Vitreous hemorrhage (VH) is an important ophthalmic condition that may cause an abrupt decrease in visual acuity (VA) and it often occurs as a complication of an underlying disease. VH has an annual incidence of 7 to 15.4 cases per 100,000 persons, depending on the population studied. Some of the main causes of VH may be proliferative diabetic retinopathy (PDR), retinal vein occlusions (RVOs), ocular trauma, posterior vitreous detachment with or without a retinal tear, etc.
During the acute hemorrhagic event, blood passes through holes or apertures in the posterior hyaloid into the vitreous cortex, needing from weeks to months to clear from this location. A vitreous hemorrhage may result from proliferative retinopathy, the condition in which new, abnormal blood vessels grow on the surface of the retina. This is referred to as neovascularization. When not treated, these new blood vessels may continue to grow and spread through the vitreous onto the pupil area. This can increase ocular pressure (pressure within the eye) that presses on the optic nerve. Damage to the optic nerve is irreparable and can lead to vision loss. Bleeding from a vitreous hemorrhage can also cause scar tissue to form near the back of the eye.
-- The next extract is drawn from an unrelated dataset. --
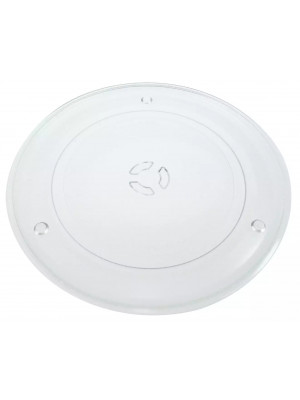 Стъклена плоча за микровълнова фурна 325 мм Electrolux 4055530648 - Img 2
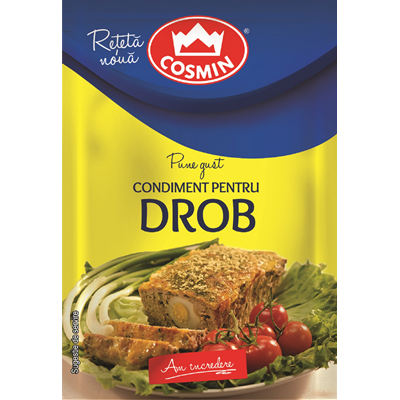 COSMIN Condiment pentru Drob 20 g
This can pull the retina away from the back lining of the eye, requiring additional treatment to keep the retina from detaching and permanently damaging vision.
Doctors will examine the patient’s eyes as well as review their medical history to determine the cause of the hemorrhage and recommend the appropriate treatment. To confirm the diagnosis, a series of diagnostic tests may be performed such as:
- Gonioscopy
- Dilated eye examination
- IOP
- Indirect ophthalmoscopy
- Slit-lamp examination
- B-scan
Nussenblatt´s standardization for vitreous opacities could be used as a system to clinically grade the opacities. In this scale, the clinical view through indirect ophthalmoscopy of the fundus is compared to a set of standard photographs with different degrees of vitreous haze. This scale is a straightforward way to categorize a VH, allowing the physician in day-to-day clinical practice to remember roughly the structures that need to be visible, in order to grade the hemorrhage without looking constantly at the reference images.
Although Nussenblatt’s grading scale has become the standard for more than 30 years, several problems with this system could be considered. First, it may have moderate interobserver agreement, as reported by Hornbeak et al. Secondly, as categorical variables, patients that fall in-between categories could yield to the subjective interpretation of each individual examiner and, therefore, may result in low agreement between observers; third, the scale does not allow an adequate measurement of sporadic or interventional improvement, regardless of the vitreous opacity. Therefore, a more objective and reproducible grading method could prove useful.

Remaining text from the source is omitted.